» INFORMATION SUPPLIED
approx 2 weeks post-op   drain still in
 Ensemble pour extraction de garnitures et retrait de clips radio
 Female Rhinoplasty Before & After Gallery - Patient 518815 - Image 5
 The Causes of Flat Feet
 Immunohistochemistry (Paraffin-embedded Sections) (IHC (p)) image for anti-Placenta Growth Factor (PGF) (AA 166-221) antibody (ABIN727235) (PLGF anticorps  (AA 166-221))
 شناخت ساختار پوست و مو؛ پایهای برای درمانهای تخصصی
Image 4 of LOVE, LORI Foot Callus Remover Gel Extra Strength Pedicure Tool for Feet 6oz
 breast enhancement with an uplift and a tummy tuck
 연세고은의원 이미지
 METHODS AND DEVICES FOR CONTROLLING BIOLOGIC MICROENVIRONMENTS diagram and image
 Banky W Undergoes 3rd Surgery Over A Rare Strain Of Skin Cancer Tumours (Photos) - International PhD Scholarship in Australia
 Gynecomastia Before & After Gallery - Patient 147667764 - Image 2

---

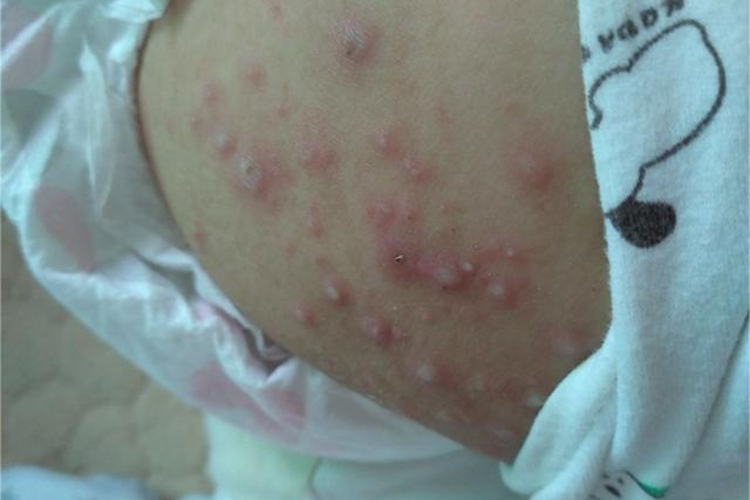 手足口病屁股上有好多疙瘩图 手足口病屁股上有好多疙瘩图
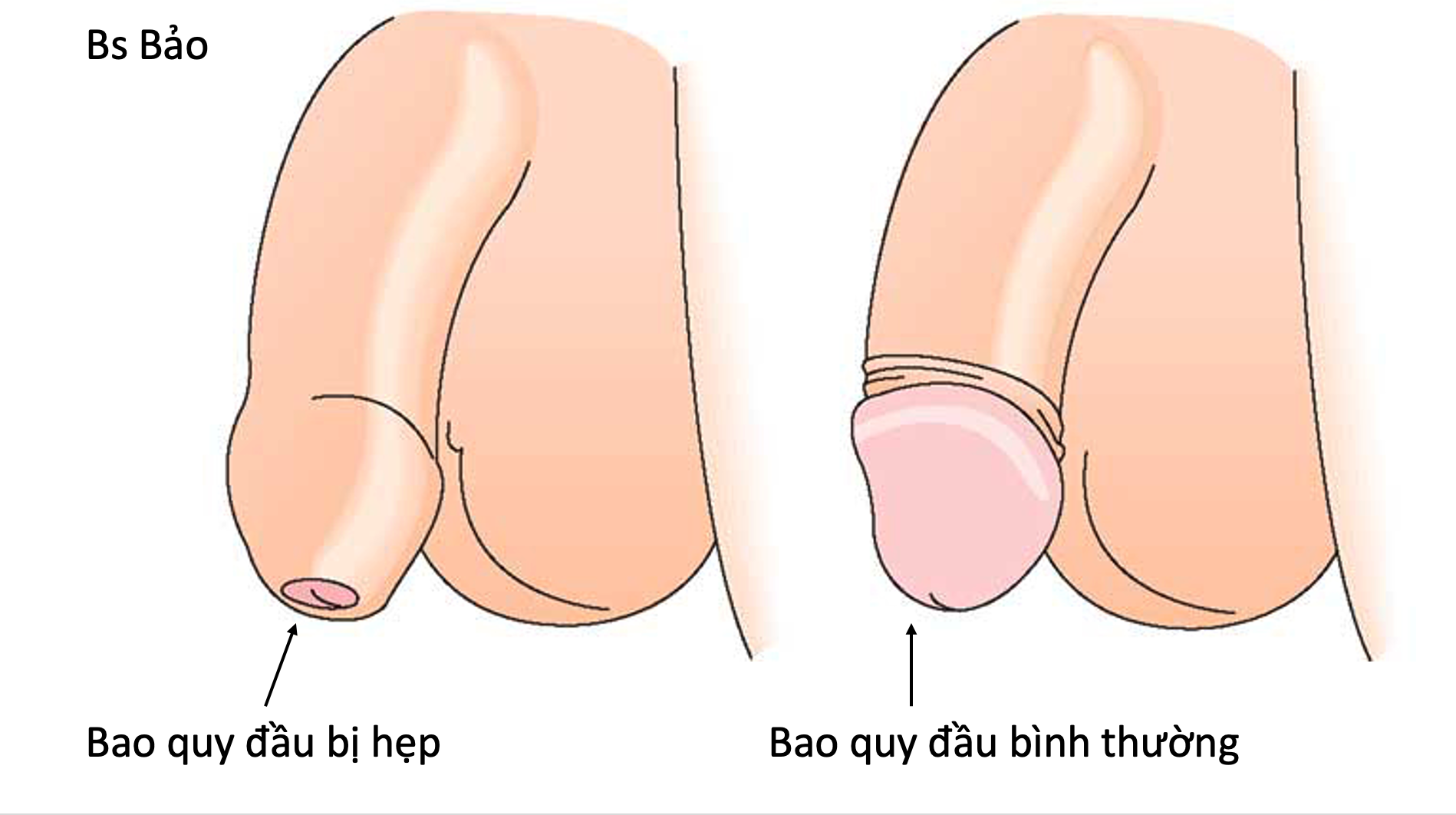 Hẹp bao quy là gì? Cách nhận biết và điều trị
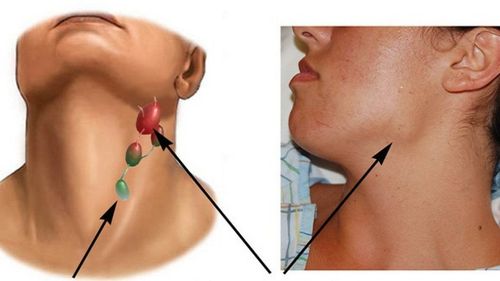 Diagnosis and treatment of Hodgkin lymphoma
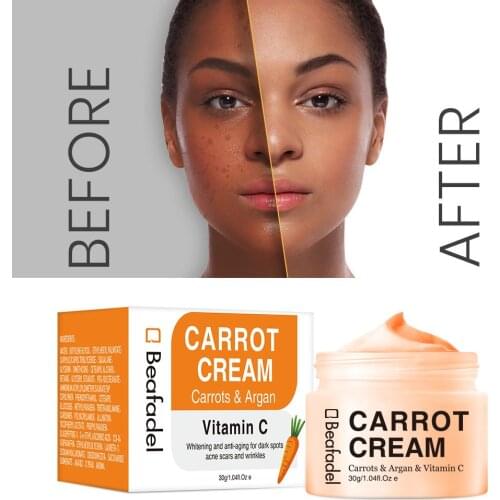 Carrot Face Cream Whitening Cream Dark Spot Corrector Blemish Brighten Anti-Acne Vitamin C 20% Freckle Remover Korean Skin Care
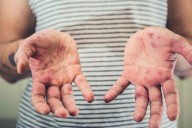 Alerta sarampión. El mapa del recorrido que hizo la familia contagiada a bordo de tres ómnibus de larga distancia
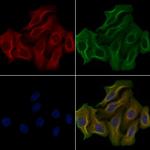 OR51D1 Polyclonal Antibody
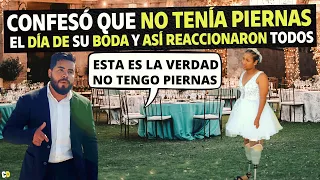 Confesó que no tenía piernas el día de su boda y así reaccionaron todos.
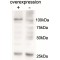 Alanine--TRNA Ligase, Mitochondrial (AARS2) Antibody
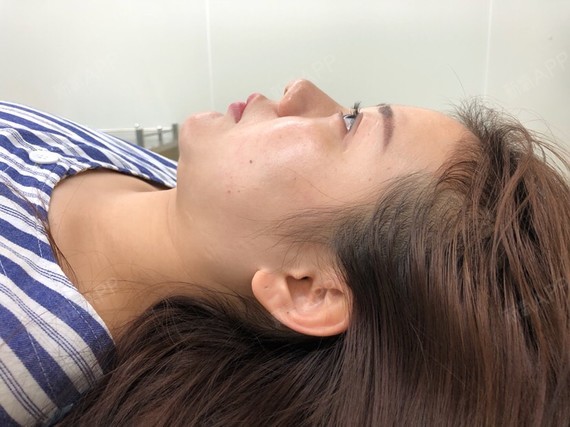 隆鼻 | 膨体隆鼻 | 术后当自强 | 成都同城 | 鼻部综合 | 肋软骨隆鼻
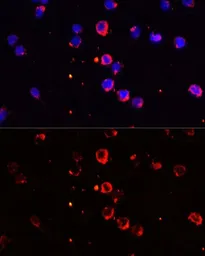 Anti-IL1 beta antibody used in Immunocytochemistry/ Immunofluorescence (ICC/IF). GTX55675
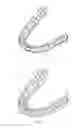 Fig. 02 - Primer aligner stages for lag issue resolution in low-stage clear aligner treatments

» INSTRUCTIONS TO FOLLOW
Please return the data above exactly as it stands from the line with "OR51D1 Polyclonal Antibody" to the line with "Fig. 02 - Primer", keeping both of those lines but none of the pictures.

» ANSWER
 OR51D1 Polyclonal Antibody
 Confesó que no tenía piernas el día de su boda y así reaccionaron todos.
 Alanine--TRNA Ligase, Mitochondrial (AARS2) Antibody
 隆鼻 | 膨体隆鼻 | 术后当自强 | 成都同城 | 鼻部综合 | 肋软骨隆鼻
 Anti-IL1 beta antibody used in Immunocytochemistry/ Immunofluorescence (ICC/IF). GTX55675
 Fig. 02 - Primer aligner stages for lag issue resolution in low-stage clear aligner treatments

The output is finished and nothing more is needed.